If notwithstanding all this, the Art and Inte­rest of these men can prevaile so farre, that they in­volve more men in their guilt, and draw that His Citty to sacrifice it's present Happines and future Hopes to their Pride, Fury, and Malice, His Ma­jesty shall onely give them this Warning, That whosoever shall henceforward, take up Armes [Page 11]without His Consent, contribute any Mony or Plate, upon what pretence of Authority soever, for maintenance of the Army under the Com­mand of the Earle of Essex, or any other Army in Rebellion against Him, or shall pay Tunnage and Poundage, till the same shall be setled by Act of Parliament; Every such Person must expect the severest punishment the Law can inflict; and in the meane time His Majesty shall seize upon any part of his Estate within His Power, for the relief & support of Him and His Army, rais'd & main­tain'd for the Defence of His Person, the Lawes, and this His Kingdome; And since he denyes to His Majesty the duty & benefit of his subjection, by giving assistance to Rebells, which by the knowne Lawes of the Land is high Treason, His Majesty shall likewise deny him the benefit of his Protection, and shall not only signifie to all His Forraigne Ministers, that such Person shall re­ceive no advantage by being His Subject, but shall by all other wayes and meanes proceed against him as a publike Enemy to His Majesty, and this Kingdome.

But His Majesty hopes and doubts not, but His good Subjects of London will call to mind the [Page 12]Acts of their Predecessors, their Duty, Affection, Loyalty and merit towards their Princes, the Re­nowne they have had with all posterity for, and the Blessings of Heaven which alwayes accom­panied those virtues, and will consider the perpe­tuall scorne and infamy, which unavoydably will follow them and their Children, if infinitely the meaner part in quality, and much the lesser part in number, shall be able to alter the Government so admirably established, destroy the Trade so excellently setled, and to waste the wealth so in­dustriously gotten, of that flourishing Citty; And then they will easily gather up the Courage and Resolution to joyne with His Majesty in Defence of that Religion, Law and Liberty, which hi­therto hath and only can make themselves, His Majesty, and His Kingdome happy.
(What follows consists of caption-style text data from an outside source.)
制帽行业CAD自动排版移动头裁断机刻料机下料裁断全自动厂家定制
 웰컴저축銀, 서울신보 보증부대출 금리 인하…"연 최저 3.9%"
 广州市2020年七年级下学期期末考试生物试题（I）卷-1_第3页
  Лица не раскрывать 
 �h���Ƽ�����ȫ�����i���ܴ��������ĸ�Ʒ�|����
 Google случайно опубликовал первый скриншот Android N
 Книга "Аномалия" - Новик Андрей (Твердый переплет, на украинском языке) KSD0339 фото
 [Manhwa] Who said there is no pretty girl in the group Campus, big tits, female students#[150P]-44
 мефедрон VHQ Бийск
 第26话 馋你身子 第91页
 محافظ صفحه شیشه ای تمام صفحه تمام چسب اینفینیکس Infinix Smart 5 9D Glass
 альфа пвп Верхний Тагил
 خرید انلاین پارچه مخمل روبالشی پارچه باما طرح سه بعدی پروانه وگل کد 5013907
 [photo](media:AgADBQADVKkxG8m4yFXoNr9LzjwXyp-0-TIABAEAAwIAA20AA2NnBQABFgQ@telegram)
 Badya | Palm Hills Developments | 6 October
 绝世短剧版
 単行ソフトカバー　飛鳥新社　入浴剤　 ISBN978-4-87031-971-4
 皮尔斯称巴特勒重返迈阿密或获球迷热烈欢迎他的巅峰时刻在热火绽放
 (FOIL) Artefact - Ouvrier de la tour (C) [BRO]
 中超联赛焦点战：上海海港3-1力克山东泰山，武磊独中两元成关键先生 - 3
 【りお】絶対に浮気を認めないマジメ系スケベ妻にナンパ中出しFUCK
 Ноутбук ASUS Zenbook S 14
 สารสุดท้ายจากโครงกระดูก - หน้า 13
For concurring with the Advice of His Two Houses of Parliament, which with Reference to the Common-wealth may be as well at this di­stance, as by being at White-hall, His Majesty doubts not but His good Subjects of London, well know how farre (beyond the example of any of His Predecessors) His Majesty hath concurred with their advice, in passing of such Lawes, by [Page 13]which He willingly parted with many of His knowne Rights, for the benefit of His Subjects, which the fundamentall Constitutions of this Kingdome did not oblige Him to consent unto, and hath used all possible meanes to beget a right understanding betweene them; And will there­fore apply themselves to those, who, by making Just, Peaceable and honourable Propositions to His Majesty, can only beget that Concur­rence.